For instance, when calculating how many committees of five can be picked from 14 people, we apply combinatorial principles. The formula for combinations is denoted as \( \binom{n}{r} = \frac{n!}{r!(n-r)!} \). This formula helps find out how many ways there are to pick \( r \) items from \( n \) items without caring about the order.

• "\( \binom{n}{r} \)" denotes "n choose r" reflection, which specifies selection without replacement.
• "\( n! \)" or n factorial, multiplying all positive integers up to \( n \).

Combinatorics simplifies the decision-making by providing mathematical methods for tallying outcomes effectively.

Understanding permutations and combinations is crucial when calculating probabilities in combinatorics. Permutations consider arrangements where order does matter, whereas combinations focus on selections where order does not matter. In our problem, we deal with combinations.

When selecting a committee, the order of selection doesn't matter. For example, choosing person A and then person B is the same as choosing person B first, then A. Thus, combinations are the most suitable approach.

• Permutations formula: \( nPr = \frac{n!}{(n-r)!} \)
• Combinations formula: \( \binom{n}{r} = \frac{n!}{r!(n-r)!} \)

In our exercise, we used combinations to determine the number of ways to form committees: One with 5 males, even if impractical given the limited number of males, and another with 5 females from 8 potential candidates.
This separation illustrates how permutations and combinations can effectively distinguish problems related to arrangement versus selection.

Mutually exclusive events are events that cannot happen at the same time. In our example, the event "a committee of all males" and "a committee of all females" cannot occur simultaneously. Understanding this concept is key to solving the exercise.

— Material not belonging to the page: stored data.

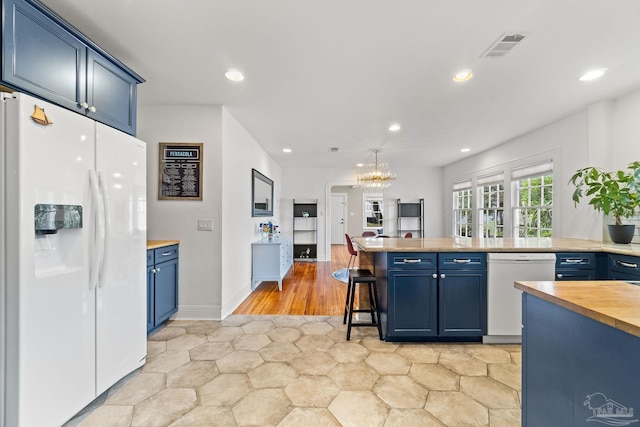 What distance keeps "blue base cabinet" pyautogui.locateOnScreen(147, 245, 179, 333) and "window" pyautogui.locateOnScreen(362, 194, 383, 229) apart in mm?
8220

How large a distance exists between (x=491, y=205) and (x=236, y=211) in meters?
4.91

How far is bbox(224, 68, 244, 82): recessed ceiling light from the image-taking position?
2.35 m

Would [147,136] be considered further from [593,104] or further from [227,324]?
[593,104]

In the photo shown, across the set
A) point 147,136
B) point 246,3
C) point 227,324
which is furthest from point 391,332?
point 147,136

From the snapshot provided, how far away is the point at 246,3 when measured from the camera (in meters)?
1.59

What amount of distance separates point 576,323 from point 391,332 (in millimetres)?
1662

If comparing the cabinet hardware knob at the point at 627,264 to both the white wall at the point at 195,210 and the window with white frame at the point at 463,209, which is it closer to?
the window with white frame at the point at 463,209

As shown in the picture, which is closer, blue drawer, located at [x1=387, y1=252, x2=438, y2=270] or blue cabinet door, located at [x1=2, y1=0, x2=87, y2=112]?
blue cabinet door, located at [x1=2, y1=0, x2=87, y2=112]

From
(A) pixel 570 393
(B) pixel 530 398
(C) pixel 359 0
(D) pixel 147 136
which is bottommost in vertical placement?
(B) pixel 530 398

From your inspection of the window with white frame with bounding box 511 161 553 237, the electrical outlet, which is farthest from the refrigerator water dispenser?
the window with white frame with bounding box 511 161 553 237

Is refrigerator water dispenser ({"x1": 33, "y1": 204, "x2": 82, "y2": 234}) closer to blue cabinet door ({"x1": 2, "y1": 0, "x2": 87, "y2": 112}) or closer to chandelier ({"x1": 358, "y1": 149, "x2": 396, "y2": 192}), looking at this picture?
blue cabinet door ({"x1": 2, "y1": 0, "x2": 87, "y2": 112})

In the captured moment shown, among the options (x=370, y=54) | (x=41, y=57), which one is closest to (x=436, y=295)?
(x=370, y=54)

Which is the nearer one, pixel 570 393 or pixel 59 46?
pixel 570 393

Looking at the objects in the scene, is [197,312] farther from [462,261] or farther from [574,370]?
[574,370] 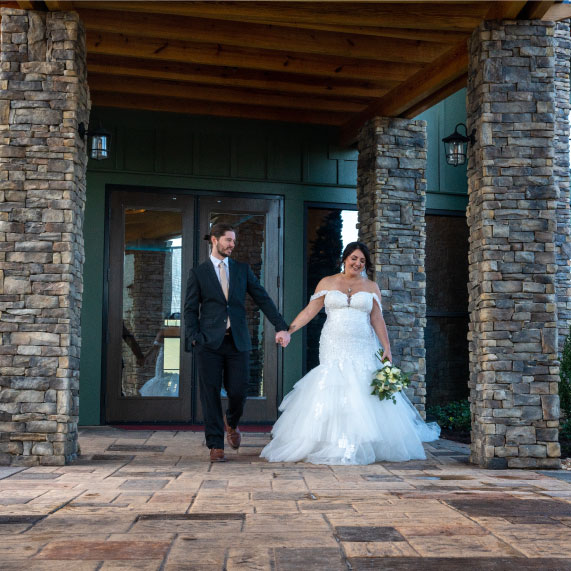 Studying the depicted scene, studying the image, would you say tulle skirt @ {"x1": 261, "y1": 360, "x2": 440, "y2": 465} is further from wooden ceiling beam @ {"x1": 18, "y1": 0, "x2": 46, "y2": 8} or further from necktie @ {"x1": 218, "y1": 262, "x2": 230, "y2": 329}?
wooden ceiling beam @ {"x1": 18, "y1": 0, "x2": 46, "y2": 8}

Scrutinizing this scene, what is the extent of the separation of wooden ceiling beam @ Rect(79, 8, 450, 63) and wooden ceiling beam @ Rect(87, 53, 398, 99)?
27.1 inches

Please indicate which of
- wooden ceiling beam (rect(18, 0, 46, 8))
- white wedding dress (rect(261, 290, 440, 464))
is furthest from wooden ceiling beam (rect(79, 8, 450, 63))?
white wedding dress (rect(261, 290, 440, 464))

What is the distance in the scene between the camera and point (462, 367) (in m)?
9.66

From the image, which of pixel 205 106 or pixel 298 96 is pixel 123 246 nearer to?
pixel 205 106

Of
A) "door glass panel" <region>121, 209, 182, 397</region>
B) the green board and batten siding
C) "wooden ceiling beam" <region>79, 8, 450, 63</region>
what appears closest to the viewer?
"wooden ceiling beam" <region>79, 8, 450, 63</region>

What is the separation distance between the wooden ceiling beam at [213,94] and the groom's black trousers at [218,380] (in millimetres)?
3326

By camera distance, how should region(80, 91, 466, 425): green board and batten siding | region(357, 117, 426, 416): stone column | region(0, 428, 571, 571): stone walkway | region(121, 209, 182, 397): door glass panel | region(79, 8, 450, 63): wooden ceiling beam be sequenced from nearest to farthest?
region(0, 428, 571, 571): stone walkway
region(79, 8, 450, 63): wooden ceiling beam
region(357, 117, 426, 416): stone column
region(80, 91, 466, 425): green board and batten siding
region(121, 209, 182, 397): door glass panel

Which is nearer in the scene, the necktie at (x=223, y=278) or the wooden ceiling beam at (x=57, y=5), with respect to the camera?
the wooden ceiling beam at (x=57, y=5)

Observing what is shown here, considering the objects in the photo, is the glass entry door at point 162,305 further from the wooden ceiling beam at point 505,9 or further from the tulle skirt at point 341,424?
the wooden ceiling beam at point 505,9

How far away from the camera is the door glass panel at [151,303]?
8.53m

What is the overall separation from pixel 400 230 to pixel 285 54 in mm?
2226

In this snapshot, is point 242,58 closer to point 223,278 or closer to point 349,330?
point 223,278

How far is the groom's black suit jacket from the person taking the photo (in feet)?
19.1

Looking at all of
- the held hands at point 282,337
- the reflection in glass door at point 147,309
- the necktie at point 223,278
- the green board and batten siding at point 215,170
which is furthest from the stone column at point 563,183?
the necktie at point 223,278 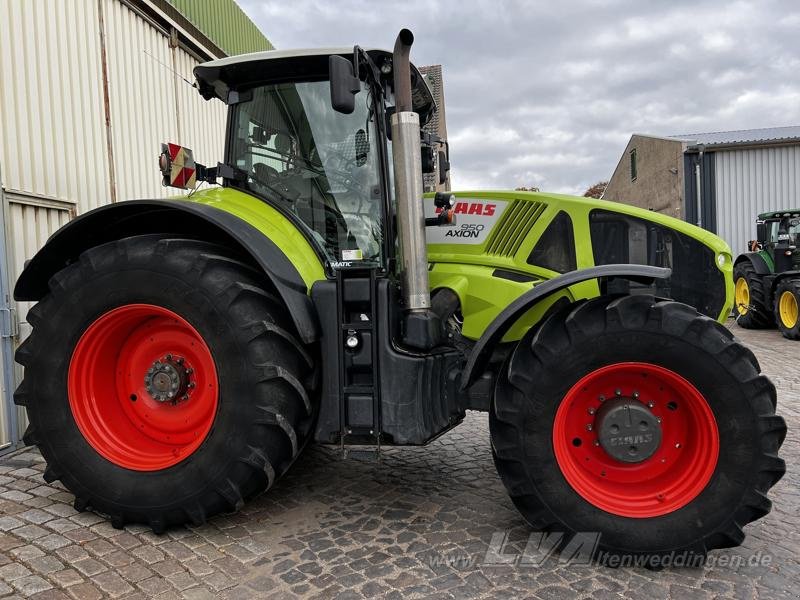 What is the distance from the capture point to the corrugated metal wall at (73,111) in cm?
456

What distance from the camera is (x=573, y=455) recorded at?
9.08ft

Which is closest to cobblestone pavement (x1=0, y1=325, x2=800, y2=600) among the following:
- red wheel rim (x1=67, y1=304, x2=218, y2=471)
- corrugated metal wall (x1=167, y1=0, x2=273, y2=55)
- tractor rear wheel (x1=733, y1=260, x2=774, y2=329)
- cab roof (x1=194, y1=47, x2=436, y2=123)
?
red wheel rim (x1=67, y1=304, x2=218, y2=471)

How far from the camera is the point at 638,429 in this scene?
2676 millimetres

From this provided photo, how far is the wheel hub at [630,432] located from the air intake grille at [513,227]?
111cm

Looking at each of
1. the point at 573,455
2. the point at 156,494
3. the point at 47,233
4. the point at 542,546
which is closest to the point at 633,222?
the point at 573,455

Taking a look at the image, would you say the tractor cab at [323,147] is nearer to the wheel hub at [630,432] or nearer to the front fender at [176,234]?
the front fender at [176,234]

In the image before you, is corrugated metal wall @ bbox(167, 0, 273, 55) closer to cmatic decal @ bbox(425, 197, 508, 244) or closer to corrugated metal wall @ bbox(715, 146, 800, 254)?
cmatic decal @ bbox(425, 197, 508, 244)

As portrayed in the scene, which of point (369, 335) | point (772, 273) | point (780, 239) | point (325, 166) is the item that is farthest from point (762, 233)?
point (369, 335)

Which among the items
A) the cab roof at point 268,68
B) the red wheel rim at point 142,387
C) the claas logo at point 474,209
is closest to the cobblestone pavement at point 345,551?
the red wheel rim at point 142,387

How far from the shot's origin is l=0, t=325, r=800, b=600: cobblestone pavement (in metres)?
2.47

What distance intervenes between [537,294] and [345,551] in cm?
151

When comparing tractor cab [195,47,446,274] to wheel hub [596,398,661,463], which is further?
tractor cab [195,47,446,274]

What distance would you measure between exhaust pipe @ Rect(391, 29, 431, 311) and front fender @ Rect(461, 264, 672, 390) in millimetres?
396

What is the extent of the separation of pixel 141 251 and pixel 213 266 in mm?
410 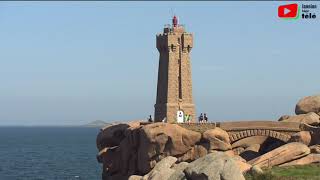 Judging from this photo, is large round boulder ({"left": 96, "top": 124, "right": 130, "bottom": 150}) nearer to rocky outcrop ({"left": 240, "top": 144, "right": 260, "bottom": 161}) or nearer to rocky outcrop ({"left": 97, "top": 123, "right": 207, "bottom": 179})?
rocky outcrop ({"left": 97, "top": 123, "right": 207, "bottom": 179})

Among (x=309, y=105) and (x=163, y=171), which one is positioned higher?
(x=309, y=105)

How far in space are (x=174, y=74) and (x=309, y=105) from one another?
51.4 feet

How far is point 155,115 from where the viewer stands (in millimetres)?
77375

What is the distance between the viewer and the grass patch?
42094 millimetres

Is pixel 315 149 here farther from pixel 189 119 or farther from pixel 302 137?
pixel 189 119

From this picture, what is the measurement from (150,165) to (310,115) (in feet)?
56.8

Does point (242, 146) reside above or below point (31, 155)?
above

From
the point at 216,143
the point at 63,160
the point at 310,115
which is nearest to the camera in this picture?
the point at 216,143

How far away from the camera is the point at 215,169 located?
40.6m

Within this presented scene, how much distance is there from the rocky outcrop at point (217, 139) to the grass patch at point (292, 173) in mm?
12376

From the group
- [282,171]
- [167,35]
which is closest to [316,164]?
[282,171]

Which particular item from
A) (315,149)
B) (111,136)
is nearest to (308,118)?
(315,149)

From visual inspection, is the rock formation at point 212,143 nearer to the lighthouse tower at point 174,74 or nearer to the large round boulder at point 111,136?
the large round boulder at point 111,136

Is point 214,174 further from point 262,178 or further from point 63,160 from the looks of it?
point 63,160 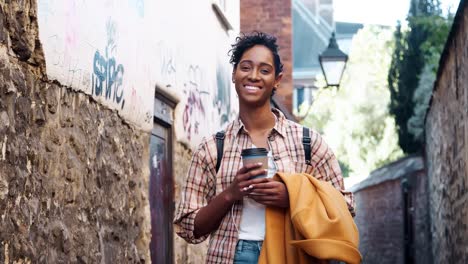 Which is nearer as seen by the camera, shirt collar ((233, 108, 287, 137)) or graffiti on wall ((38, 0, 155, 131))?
shirt collar ((233, 108, 287, 137))

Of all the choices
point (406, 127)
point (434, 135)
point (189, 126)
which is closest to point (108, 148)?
point (189, 126)

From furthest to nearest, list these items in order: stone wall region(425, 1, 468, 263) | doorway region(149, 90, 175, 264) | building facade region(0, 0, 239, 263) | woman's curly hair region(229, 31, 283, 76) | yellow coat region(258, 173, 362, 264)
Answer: stone wall region(425, 1, 468, 263)
doorway region(149, 90, 175, 264)
building facade region(0, 0, 239, 263)
woman's curly hair region(229, 31, 283, 76)
yellow coat region(258, 173, 362, 264)

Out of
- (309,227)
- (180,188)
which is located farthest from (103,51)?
(180,188)

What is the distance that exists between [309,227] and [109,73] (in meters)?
3.05

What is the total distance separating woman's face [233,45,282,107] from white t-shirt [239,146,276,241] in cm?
40

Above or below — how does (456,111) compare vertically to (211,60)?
below

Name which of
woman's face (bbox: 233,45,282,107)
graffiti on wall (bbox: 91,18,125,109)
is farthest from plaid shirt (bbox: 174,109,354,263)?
graffiti on wall (bbox: 91,18,125,109)

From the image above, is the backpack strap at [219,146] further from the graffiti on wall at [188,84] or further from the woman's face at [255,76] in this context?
the graffiti on wall at [188,84]

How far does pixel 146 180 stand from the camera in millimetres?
7957

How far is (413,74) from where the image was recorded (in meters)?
24.7

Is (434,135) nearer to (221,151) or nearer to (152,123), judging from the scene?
(152,123)

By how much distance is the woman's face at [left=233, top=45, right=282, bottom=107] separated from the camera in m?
4.60

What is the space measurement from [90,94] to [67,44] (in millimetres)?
498

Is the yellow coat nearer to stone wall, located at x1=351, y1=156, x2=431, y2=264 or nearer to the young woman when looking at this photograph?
the young woman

Because these events are mutually exclusive, we don't double-count any outcome. Instead, we can add the separate probabilities. If event A and event B cannot happen together, the probability of either A or B happening is simply the sum of their individual probabilities.

• For example: If the probability of event A is 0.3 and event B is 0.4, and they are mutually exclusive, then \( P(A \cup B) = P(A) + P(B) = 0.7 \).

In our problem, this means the probability of forming an all-male group plus the probability of an all-female group can be combined:

• The number of all-male selections (6) plus all-female selections (56) yields 62 out of possible total 2002 combinations.

Simplifying the calculation follows basic arithmetic principles to find a reduced probability of forming such committees. So, the probability is calculated as having 62 favorable ways of forming an all-male or all-female committee out of 2002 total combinations.